Face à Francfort en finale, Laure Boulleau et ses coéquipières tenteront de succéder à… Wolfsburg, justement, double tenant du titre et donc éliminé par les Parisiennes en demi-finale (2-0 ; 1-2). Un exploit qu’il faudra renouveler au stade Friedrich-Ludwig de Berlin.

Des supporters bien à elles

Pour cela, elles pourront sans doute compter sur un contingent d’Ultras, désormais habitué à se déplacer avec toutes les sections qui portent les couleurs du PSG. Mais la montée en puissance des Parisiennes ces dernières années a également créé des vocations. Des support (rices) ers, peu concerné(e) s par l’équipe fanion, mais qui suivent assidûment le club, version féminine.

« En 2012, je me suis intéressée au foot féminin en faisant la rencontre de Linda Bresonik, la numéro 10 du PSG, explique Ludivine, l’une de ces supportrices. Elle m’a permis de découvrir ce sport et sa pratique féminine. Sa rigueur professionnelle et son charisme m’ont fait aimer ce que je ne connaissais pas. Je suis allé voir les matchs et j’ai adoré ». Depuis, elle suit régulièrement les féminines du PSG, mais sans pour autant s’intéresser à l’équipe masculine : « Le football féminin m’a fait connaître le football. Ça m’est arrivé d’aller voir un match des hommes, mais ce n’est pas le foot-passion. » Ludivine, team #FootballVrai ?

« Autant que je le peux, je suis mon équipe, poursuit-elle. J’étais au stade pour la 1/2 finale face à Wolfsburg, mais pour la finale je serai dans un café avec les autres supporters.

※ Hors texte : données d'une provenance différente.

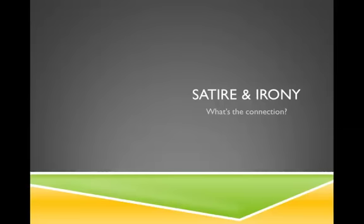This week, you're going to be reading an example of a satire. It's important to understand exactly what a satire is, and in order to understand satire, you actually also need to understand the concept of irony. So, satire and irony — what's the connection?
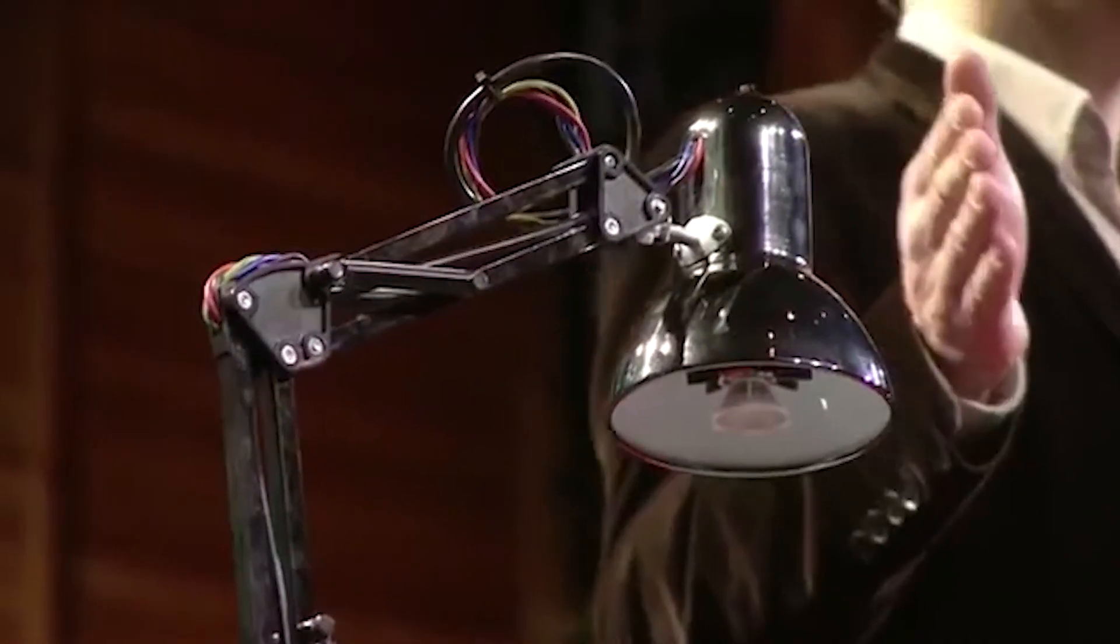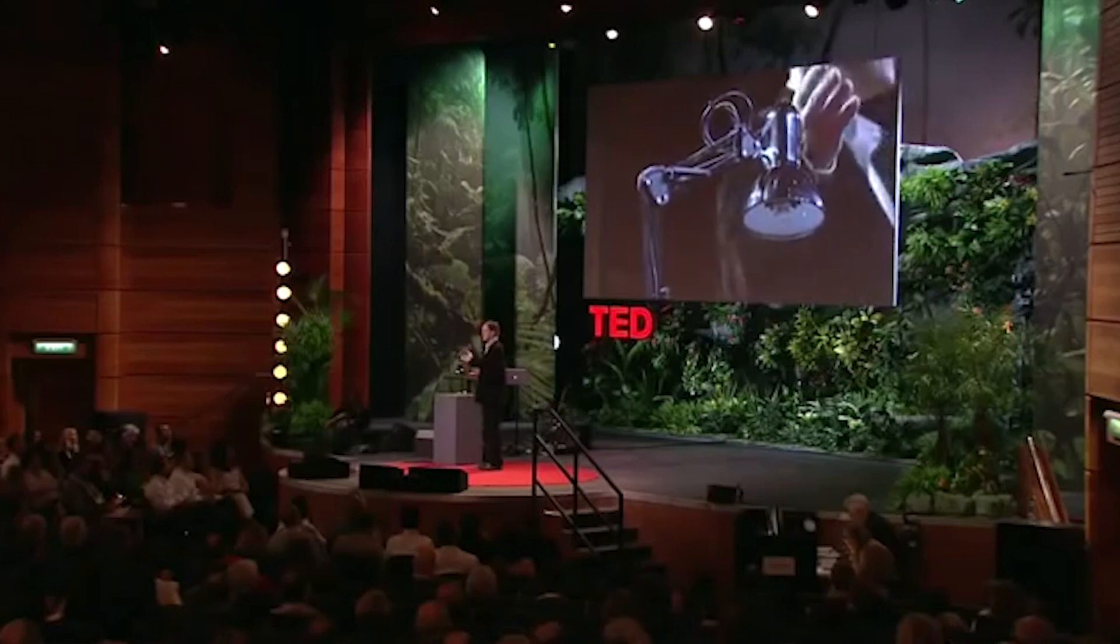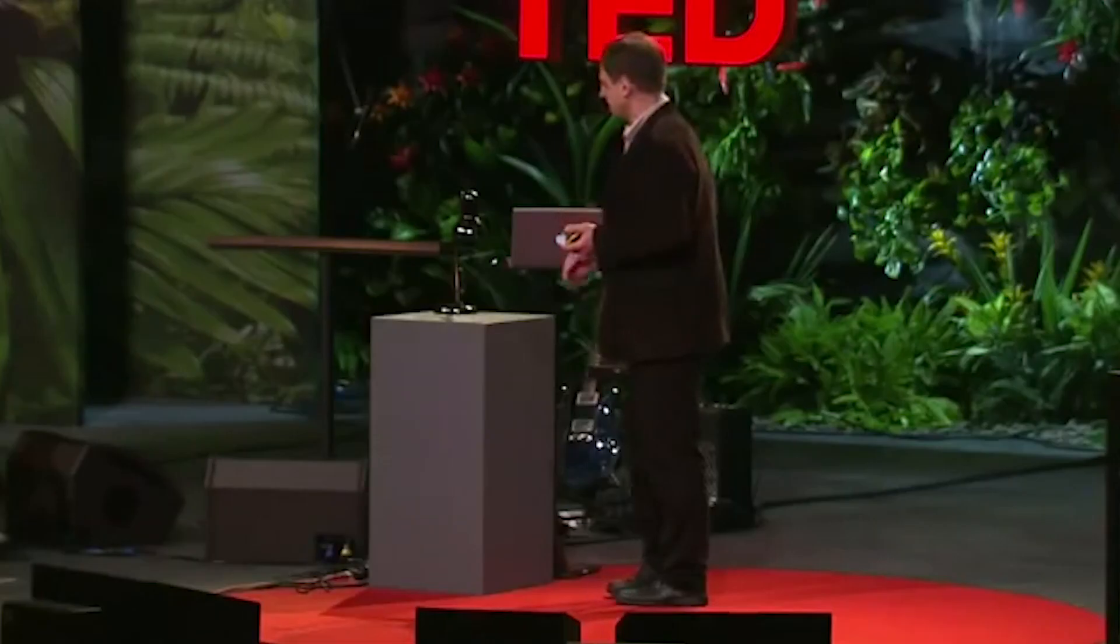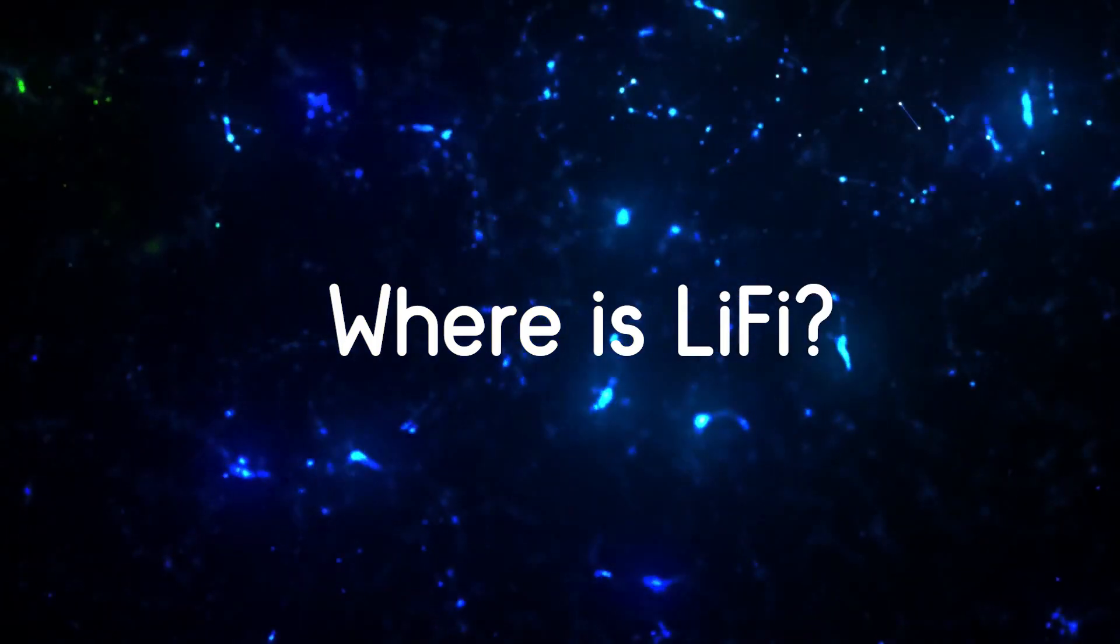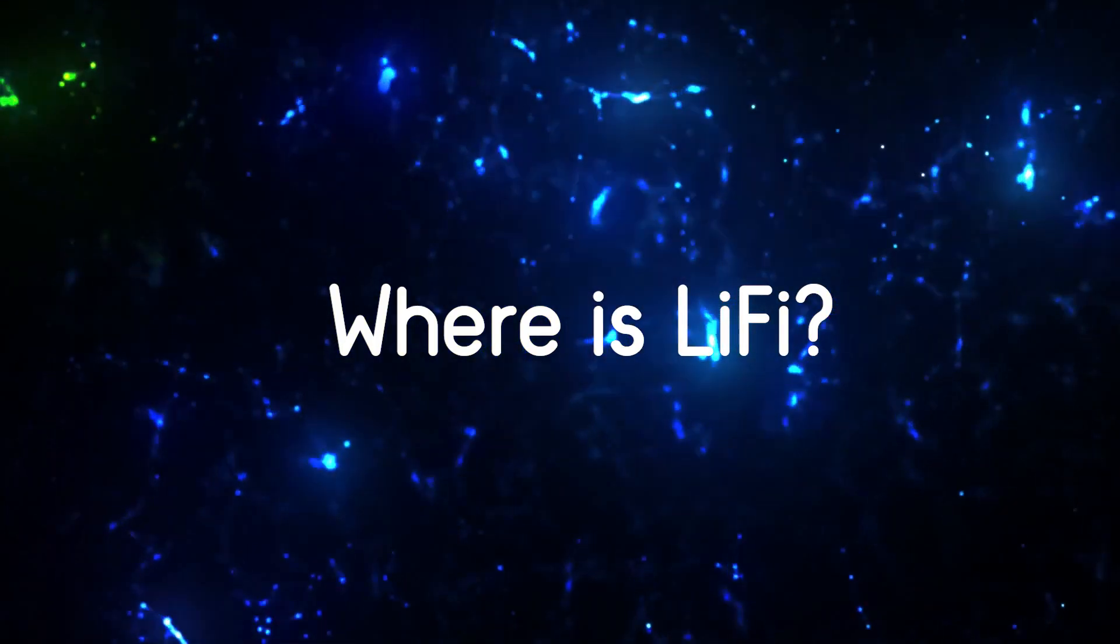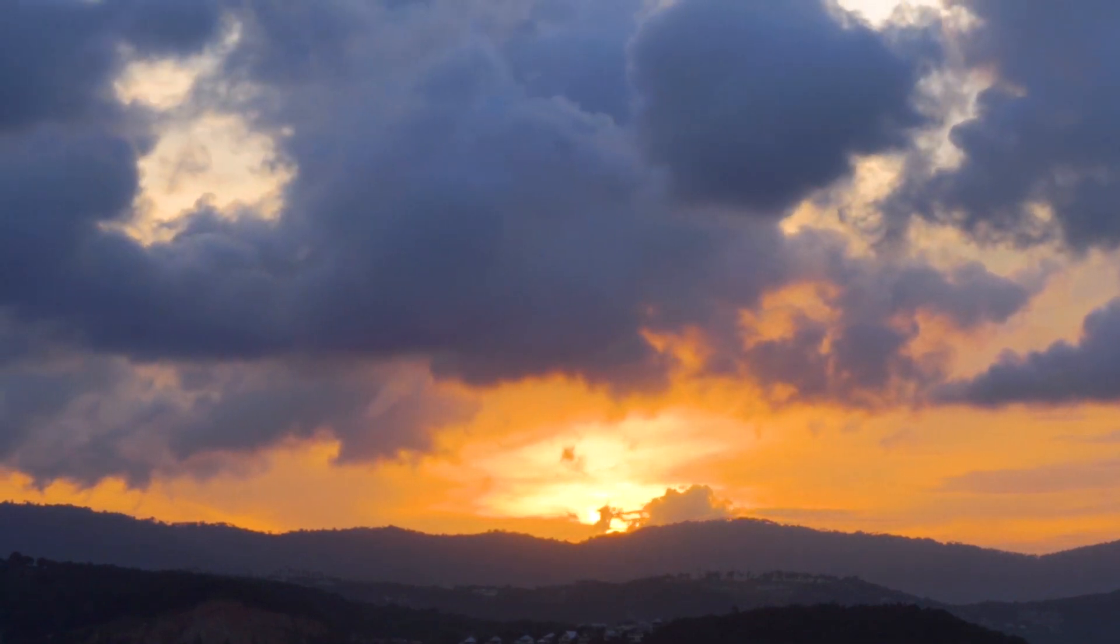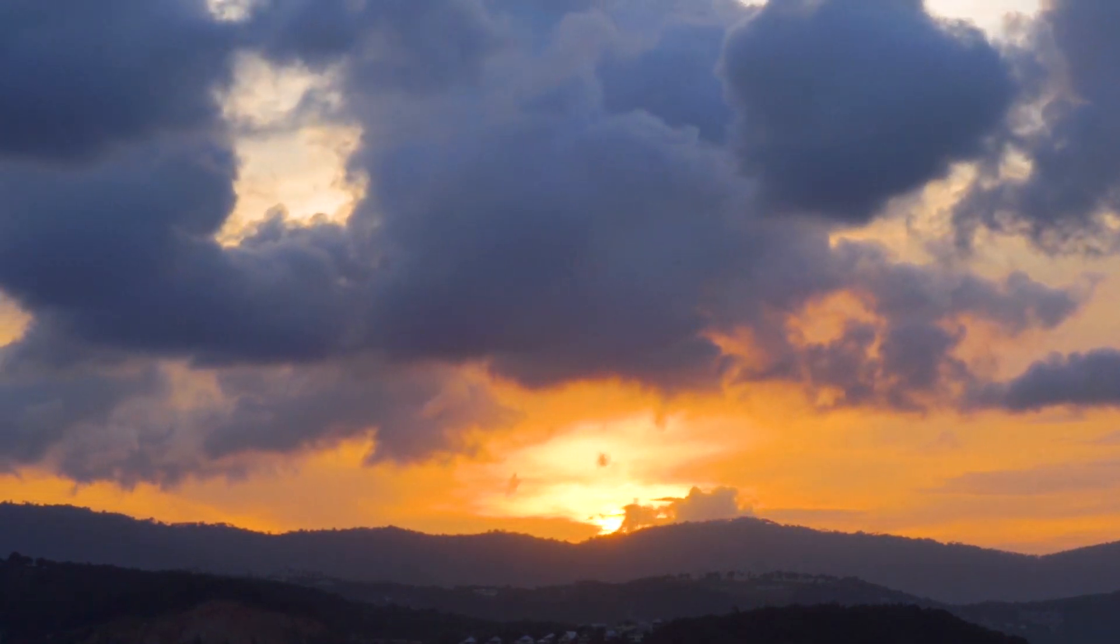But where is Li-Fi? It has been predicted that Li-Fi will be released to the public by 2022.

J’ai vu une vingtaine de matchs cette année. C’est l’occasion de se réunir entre amis. Dans le stade il m’arrive d’agiter ma banderole ». Au point de créer des vocations ? « Un couple d’amis avec leur fille a annulé un week-end pour être avec nous et supporter l’équipe féminine du PSG. La petite souhaite désormais s’inscrire dans un club de football. Ils n’auraient jamais fait ça pour un match de l’équipe masculine… »

Deuxièmes (20 victoires, deux défaites) en championnat derrière l’intouchable Olympique Lyonnais (22 victoires en autant de rencontres), les filles du PSG ont ainsi l’occasion jeudi de s’inscrire durablement parmi les grandes d’Europe. Et de pousser un peu plus le football féminin sur le devant de la scène ? « Le sport féminin dans son ensemble est sous-estimé, assure Ludivine. Le fait que cette finale soit diffusée sur une chaîne publique est un premier pas, mais il faut que cet effort se confirme, se stabilise et se développe. » Il ne reste plus qu’à battre Francfort, alors.